(INFORMATION SHOWN begins)

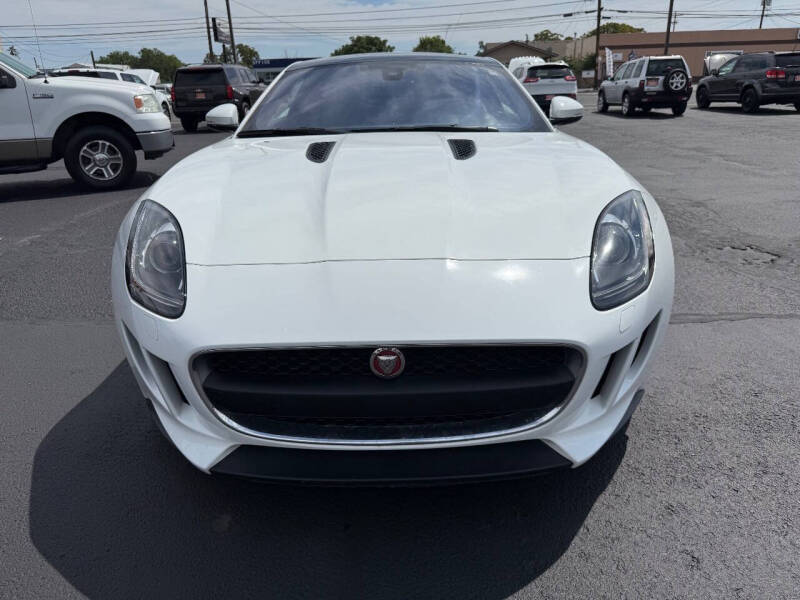 2017 Jaguar F-TYPE Premium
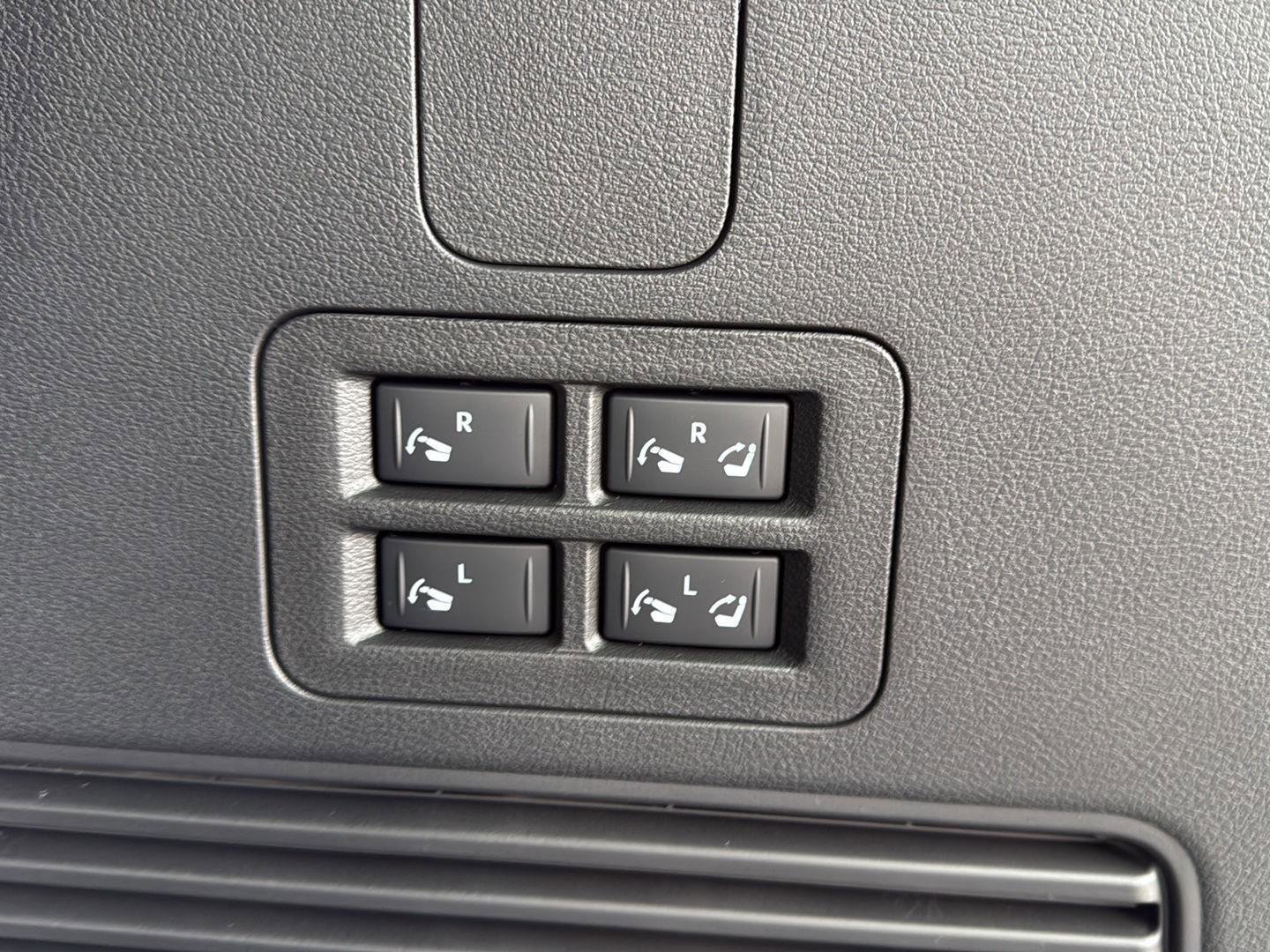 New 2026 Nissan Armada SL image 23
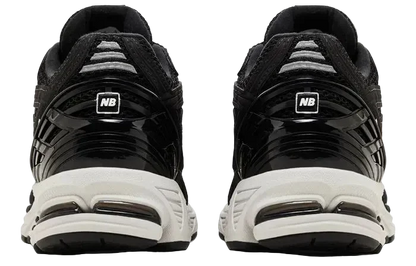 New Balance 1906 – Black White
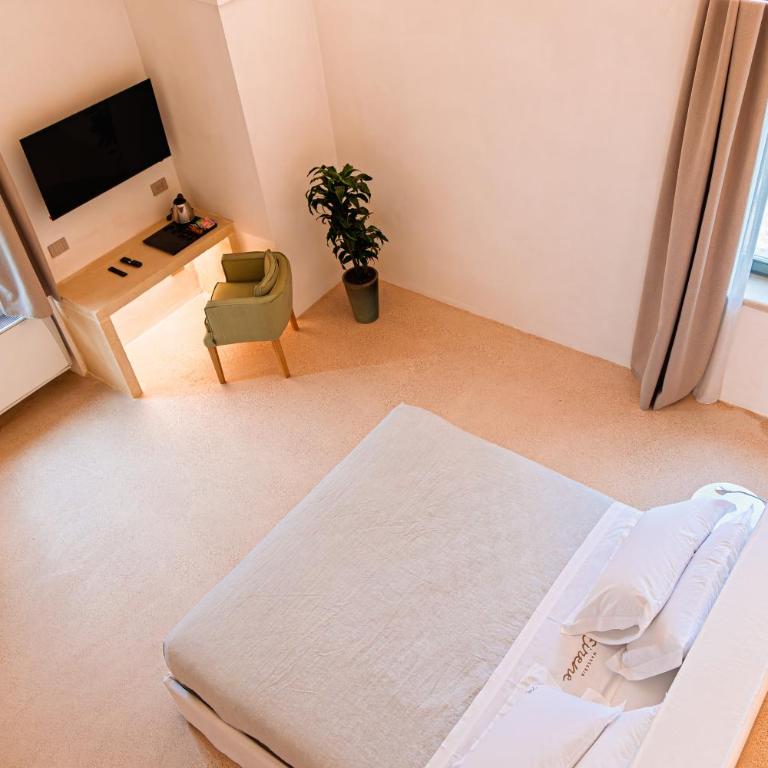 Masseria Eirene - Suite Deluxe con Vasca Idromassaggio - 8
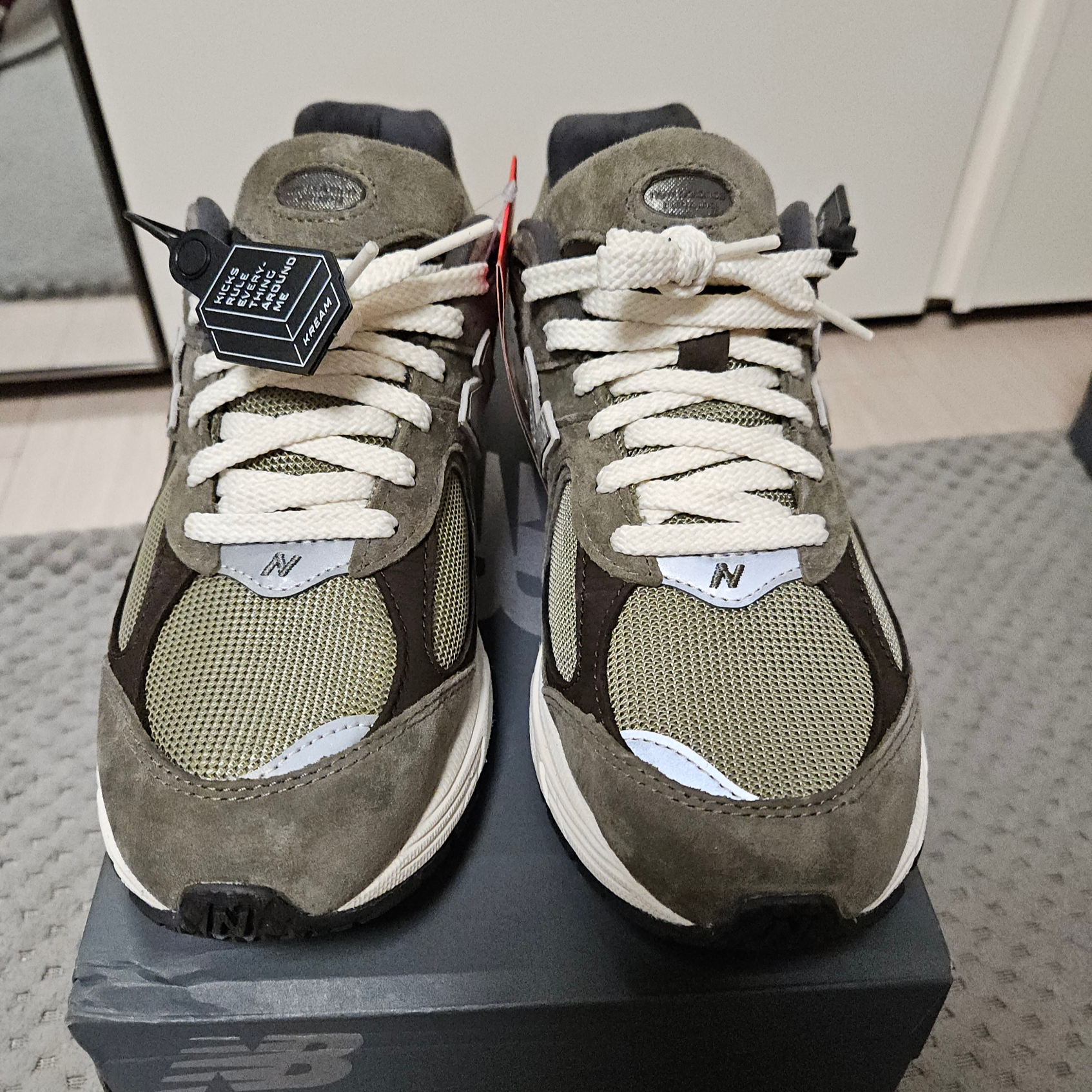 New Balance 2002R Special Vintage Khaki 착용 스타일 - 1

(INFORMATION SHOWN ends)

WORK ITEM
Please restate each entry exactly, but drop any picture it holds.

OUTPUT FOR THIS EXERCISE
 2017 Jaguar F-TYPE Premium
 New 2026 Nissan Armada SL image 23
 New Balance 1906 – Black White
 Masseria Eirene - Suite Deluxe con Vasca Idromassaggio - 8
 New Balance 2002R Special Vintage Khaki 착용 스타일 - 1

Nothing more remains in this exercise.